Or are we speaking in terms of creating shortcuts? Something like dragging scripts and icons into the bar to add them to it? For custom icon support we could


  • add a section to the panel that lists the currently running applications

    • this thought occurred to me since unlike Windows or Linux, closing the last window of a Mac app doesn't terminate the app
    • so perhaps a list of running apps, but still have the taskbar beside that

ooo I hate that on mac

Something like a running tasks widget would be nice. (maybe filtered out the the applications on the taskbar already)

a row of closed but not terminated icons and left click re opens them, (right click an options menu? not sure for what options though) and shift left click could terminate (or whatever extra key feels right, cmd makes sense too)

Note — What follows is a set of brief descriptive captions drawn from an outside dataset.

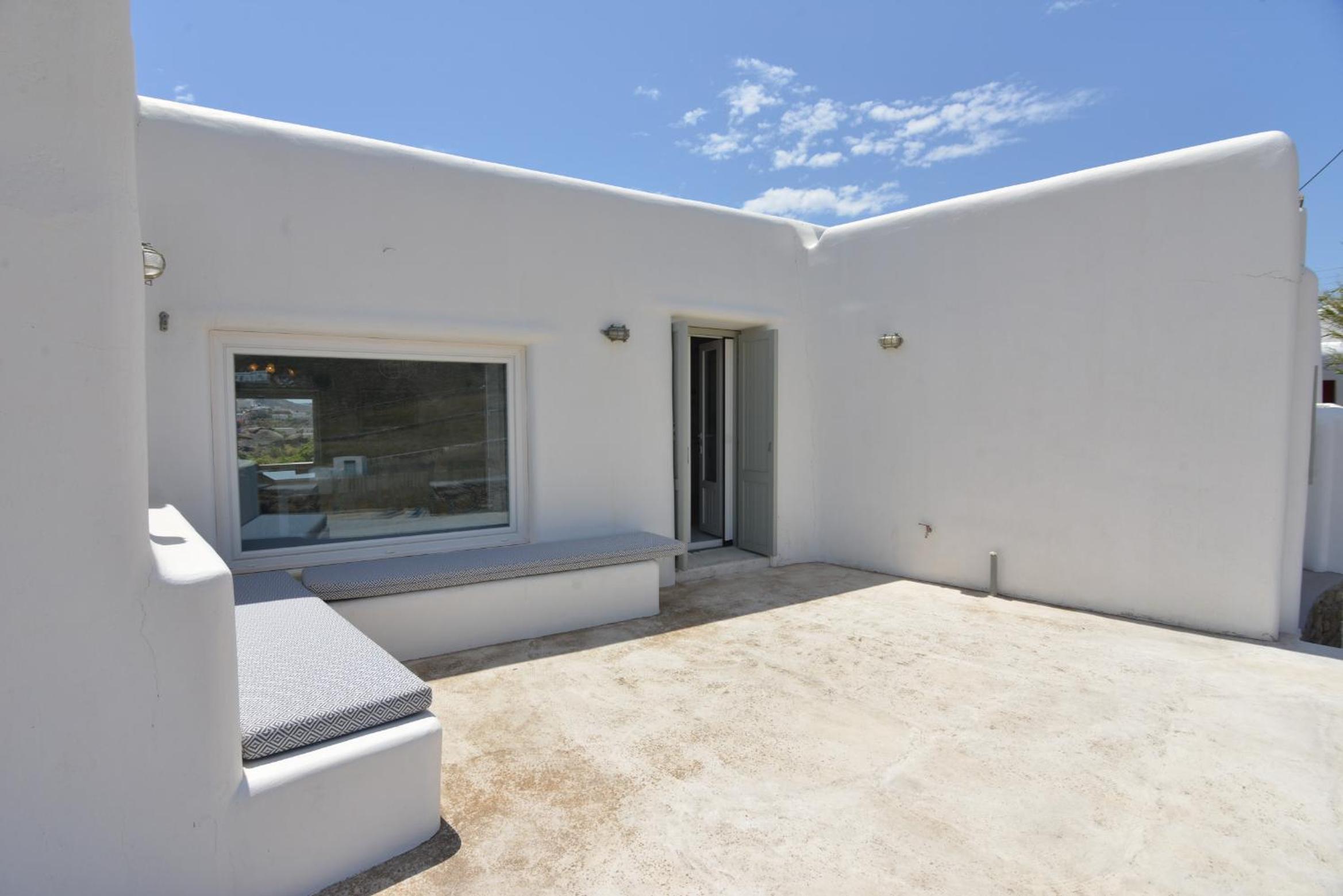 Villa photo 3
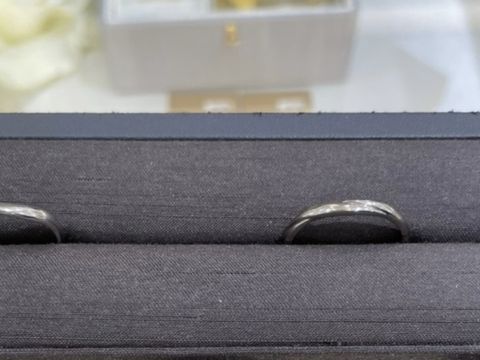 【ete(エテ)の口コミ】 一見シンプルですが、一箇所マット加工していたり、ねじりがあったりと凝…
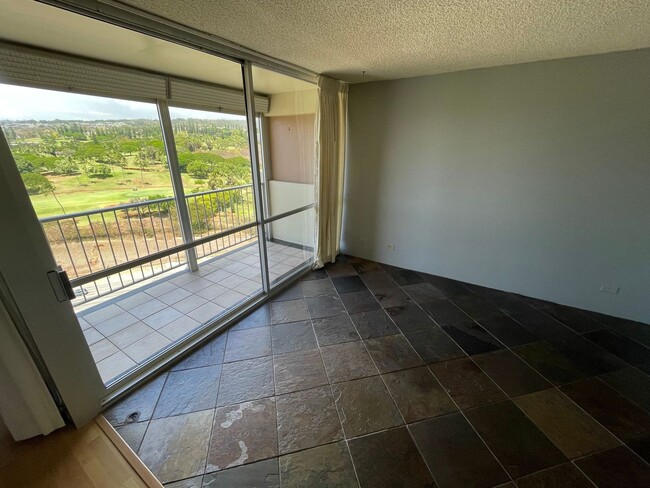Foto del edificio - Desirable Unit in Pearlridge, Aiea!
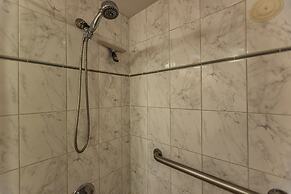 Menehune Shores 324 2 Bedroom Condo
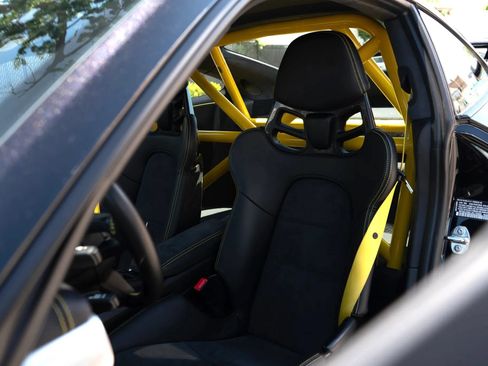 Used 2018 Porsche 911 GT3 RWD image 10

  • add the ability to customize colors

    • I noticed in your screenshots that you switched to more of a dark theme
    • A simple implementation would be just selecting "light" or "dark"
    • A more detailed implementation would include specifying all colors (background, foreground, borders)
    • Along the lines of custom colors, perhaps expose other things like font size and the spacing between text and borders of window buttons and so on

Oh yeah I prefer a darker theme for most of my stuff and my arch distro is a mix of cattpuccin mocha and custom colors. so custom themes would be nice.

I noticed that color values are declared in different kinds of styles

init.lua:

        1106
    local function render(self)
    local color = {red = 150 / 255, green = 150 / 255, blue = 150 / 255}

        899
   local borderColor = {red = 0.5, green = 0.5, blue = 0.5}
   local bgColor = state.isMinimized and ({red = 0.7, green = 0.7, blue = 0.7}) or ({red = 1, green = 1, blue = 1})

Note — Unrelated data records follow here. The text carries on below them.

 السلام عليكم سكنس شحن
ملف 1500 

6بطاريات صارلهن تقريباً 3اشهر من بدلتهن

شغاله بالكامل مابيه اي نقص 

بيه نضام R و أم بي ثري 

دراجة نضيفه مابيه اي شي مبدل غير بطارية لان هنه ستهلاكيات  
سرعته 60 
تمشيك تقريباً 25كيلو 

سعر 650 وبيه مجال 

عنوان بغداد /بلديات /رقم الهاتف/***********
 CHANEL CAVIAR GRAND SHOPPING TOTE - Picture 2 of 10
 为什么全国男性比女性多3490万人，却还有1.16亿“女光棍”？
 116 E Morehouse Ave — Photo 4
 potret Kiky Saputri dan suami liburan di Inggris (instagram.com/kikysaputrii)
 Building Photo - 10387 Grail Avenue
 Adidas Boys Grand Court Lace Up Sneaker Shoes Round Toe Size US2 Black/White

what values are allowed to store color?

black and white are constants?

    2315
    local BLACK = ____constants.BLACK

how easy is it to reference them all to an external stylesheet?

there are multiple constants.ts but some are only used for black and white, we could store all the variables inside one big constants file or if possible a css stylesheet for importing custom themes more easily some values are getting first declared inside the render functions, after the constants.ts is loaded, reference it from there

it would be nice to have all the sizes, colors and paddings in one place, for background and borders, same for the show/hide buttons and the widgets and launcher icon. it makes it easier to change values for everything at once.


Also how can I experiment and build myself? My macbook says it needs the newest Xcode to build and I can't get it bc macbook is too old to be supported, older ones won't install bc i need my icloud to restore my icloud and use their own app store. is it possible to build on linux? if so, what are the requirements?

Damn, have fun reading :D

glenreesor commented 2 months ago

This is great! Lets get discussing....

Window Preview

  • showing a window preview when hovering on a window button (we've already chatted about this, but I'm including it here for completeness)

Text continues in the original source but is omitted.